The Scooby gang and I conducted our second pairing. For the evening we chose the Kalecik Karası. A fairly widespread varietal, the grape gets its name from the town of Kalecik just outside this country’s capital, Ankara. The grape might be Turkey’s favourite because of its easy drinking and versatility. To taste the full ability of the grape the lovely A brought over a Vino Dessera’s Blanc de Noir style of the grape (better explained here), Kayra’s Kalecik Karası rosé style, and the classic red from Vinolus.
On the table, we served a variety of Turkish and other goods from hummus, içli köfte, çiğ köfte and actual köfte served on a tarhana sauce to overly garlicked Caesar salads and spiced Bosnian cured meats.
Vino Dessera, Blanc de Noir Kalecik Karası, 2016
With noses full of citrus, we all agreed that this bottle was a “soft” Kalecik Karası. While I was expecting more acidity from the (for all intents and purposes) white version, it still held its own when paired with spicy, greasy or acidic food. Even with its little acidity, this KK paired surprisingly well with our corner store’s içli köfte (a fried dough stuffed with spiced minced meat, also known as kibbeh in some parts). Somehow the greasy deliciousness of the dough didn’t over power the texture or mouthfeel of the wine. In fact, the combination created the acidity that we were missing in the wine.
And the world continues to tell us, “don’t pair whites with meat.” Pf.
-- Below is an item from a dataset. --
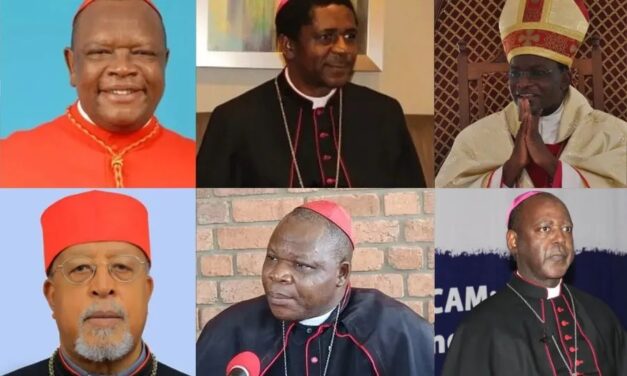 END OF THE ROAD FOR SAME-SEX BLESSING IN AFRICA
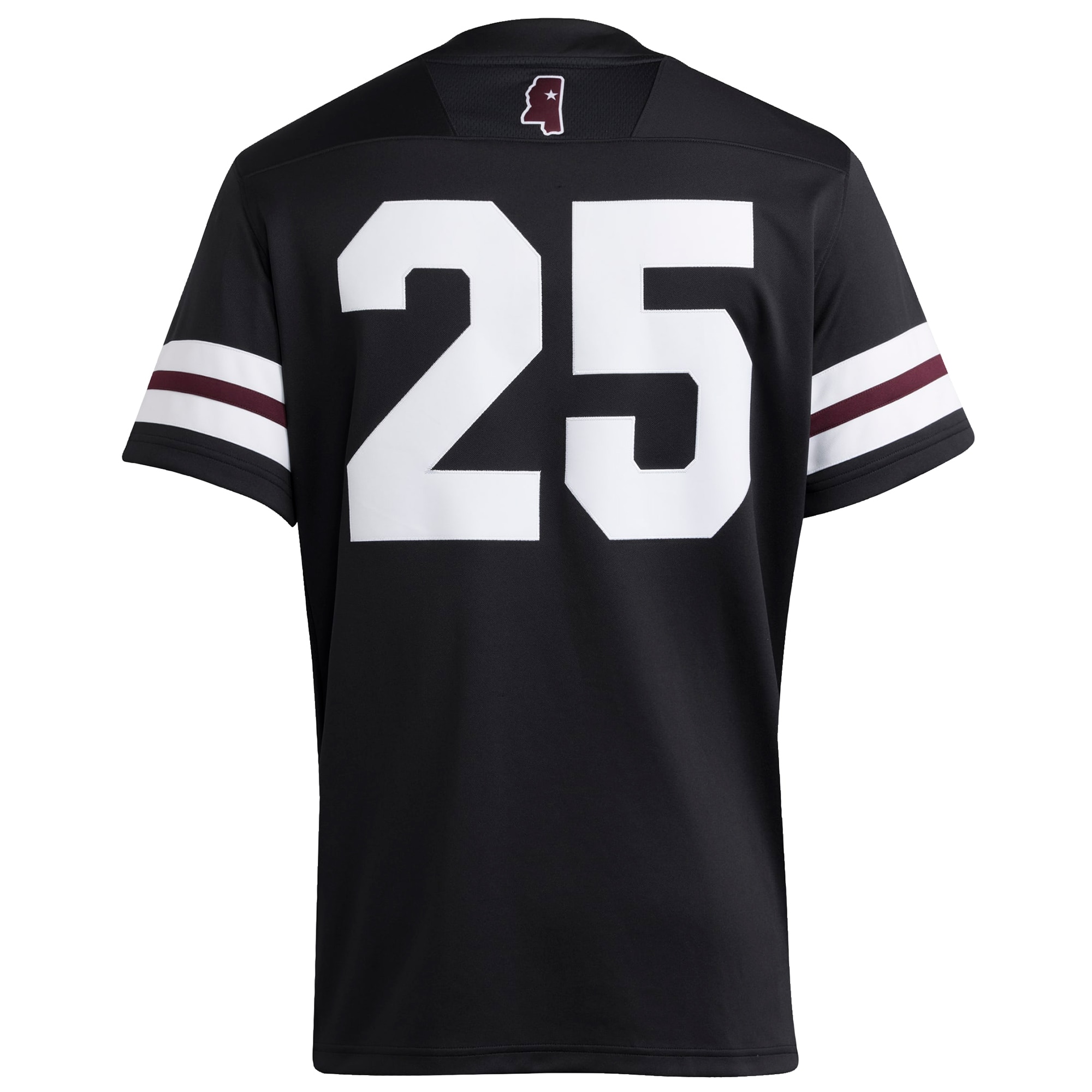 [NJP] Mississippi State Bulldogs Premier Strategy Jersey - Black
And then came the çiğ köfte.** As one of my favourite Turkish dishes, çiğ köfte should be included in every pairing, which is why I force them unto all who sit at my table. And, while I love it, the tomato-y, spiced, acidity of the çiğ köfte did nothing for the wine, nor did the wine do anything for it. The two came together in an extraordinarily mediocre way. They saw one another, they met, shook hands, and walked away from one another. Unfortunately, this was the consensus of the whole table – and not just concerning the çiğ köfte. Every dish following that first bite of içli köfte, blended with the wine in a particularly unmemorable way. A fantastic brie was downgraded and the delicious lemony Caesar meshed with the wine and quickly faded away. It was an odd experience.
And then came the Baba Ghanoush. Finally. Maybe it was the smoky flavour of the eggplant, the smooth texture of the tahini or the 4-cloves-of-garlic-isn’t-too-much acidity, but the wine perked up and the ghanoush exploded.
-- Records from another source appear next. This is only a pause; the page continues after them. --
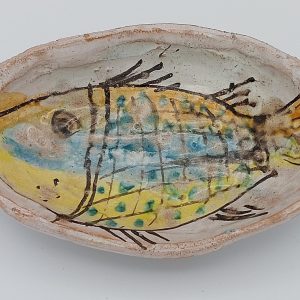 aardewerk visschaaltje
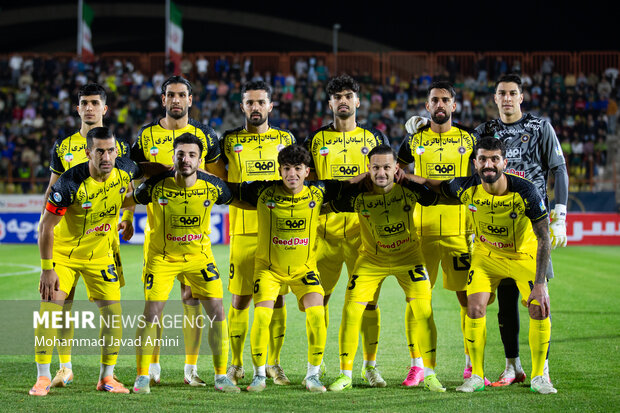 ترکیب تیم فوتبال سپاهان برای بازی با الحسین اعلام شد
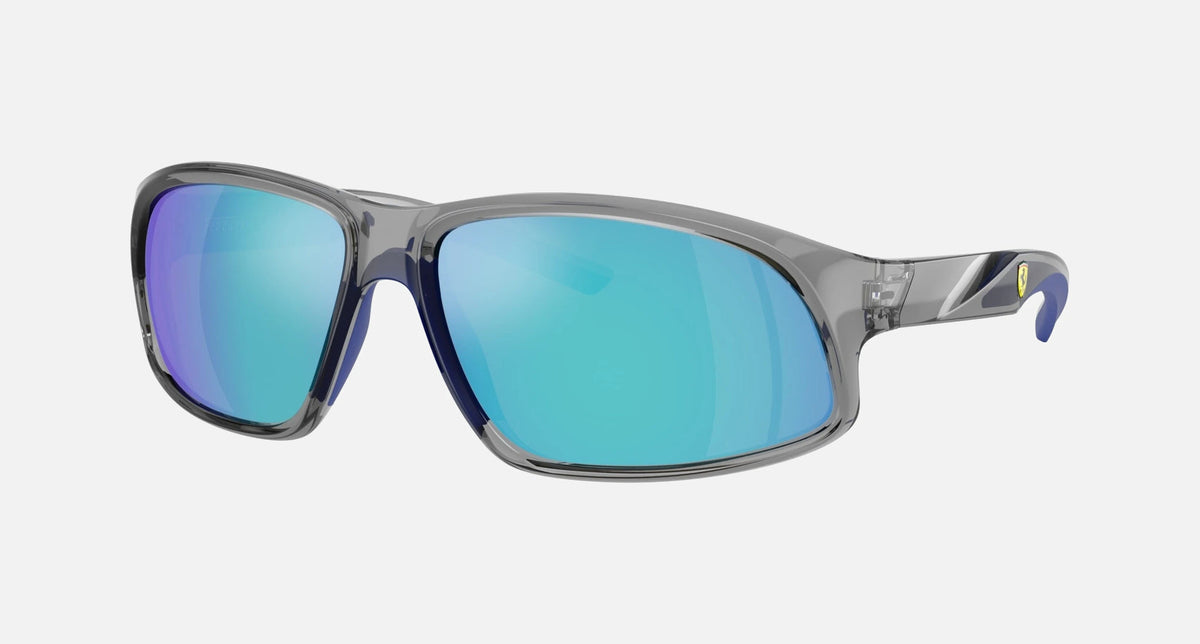 FZ6016U / Opal Grey/Blue Mirror(524/25) / 64-16-130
The takeaway: next time you stumble upon a Blanc du Noir made from Kalecik Karası go for some içli köfte (or some sort of fried breaded spiced meat) or a balance of smokiness, creamy and acidity like a baba ghanoush.
Kayra, Terra Rose, Kalecik Karası, 2016
The colour of the KK rose may have momentarily intimidated us, but we pushed through. Here, the typical cotton candy flavour of the a Kalecik Karası popped out. Luckily, the palette was not as sweet as the nose…and yet, there was still a want for acidity. Then again, I go through heads of garlic like apples. As the doctor says..
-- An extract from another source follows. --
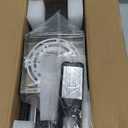 Modern Bathroom Vanity Light 24 Inch, Rotatable, 18W Dimmable 6CCT Led Bathroom Light Fixture Over Mirror, Nickel Bar Vanity Light for Mirror FCC Certificated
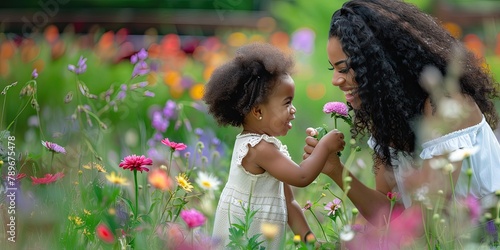 Mother Day Image of a Happy...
While the rose didn’t work with my one-bite köftes, it did pair very nicely with the tarhana yogurt sauce underneath it.
Vinolus, Kalecik Karası, 2015
Vinolus was an amazing relief. This bottle gave us everything that we were waiting for from a Kalecik Karası and then some. The deep candy flavour was thoughtfully balanced with earthy tones (insert “natural wine” joke here). However, it was not as full-bodied as we were expecting.
It paired well with the citrus of my Caesar salad dressing and with some Bosnian cured meats. Remember that these meats are not like the European pork sausage: gentle, smooth and fatty. These guys are heavily spiced, of which smells linger for a day or two. They paired well with the sweet, fruity notes of the Kalecik Karası. I could imagine that the beautiful subtleties of a cured pork sausage would be overwhelmed by the Kalecik Karası.
My hummus and baba ghanoush also danced well with this wine. The heavy garlic, cumin, and all-around acidity put up a great fight. With such acidity and spice I could imagine that a glass of wine would pair well with anything covered in a chipotle adobo sauce (taco pairing, anyone?).
For some strange reason, I always remember Kalecik Karası being more acidic than it actually is. So, don’t forget that this grape doesn’t hold up well against wonderfully fatty foods – that don’t have a strong spice component.
The takeaway: high acidity of lemon and garlic work wonders along with heavy spices and sauces like cumin and adobo.
**And while the name implies “raw meat balls,” it is currently illegal to serve customers raw meat in a fast food-type establishment. Unless you are out at one of the better meat restaurants, the çiğ köfte you’ve been eating is primarily bulgur-based and delicious.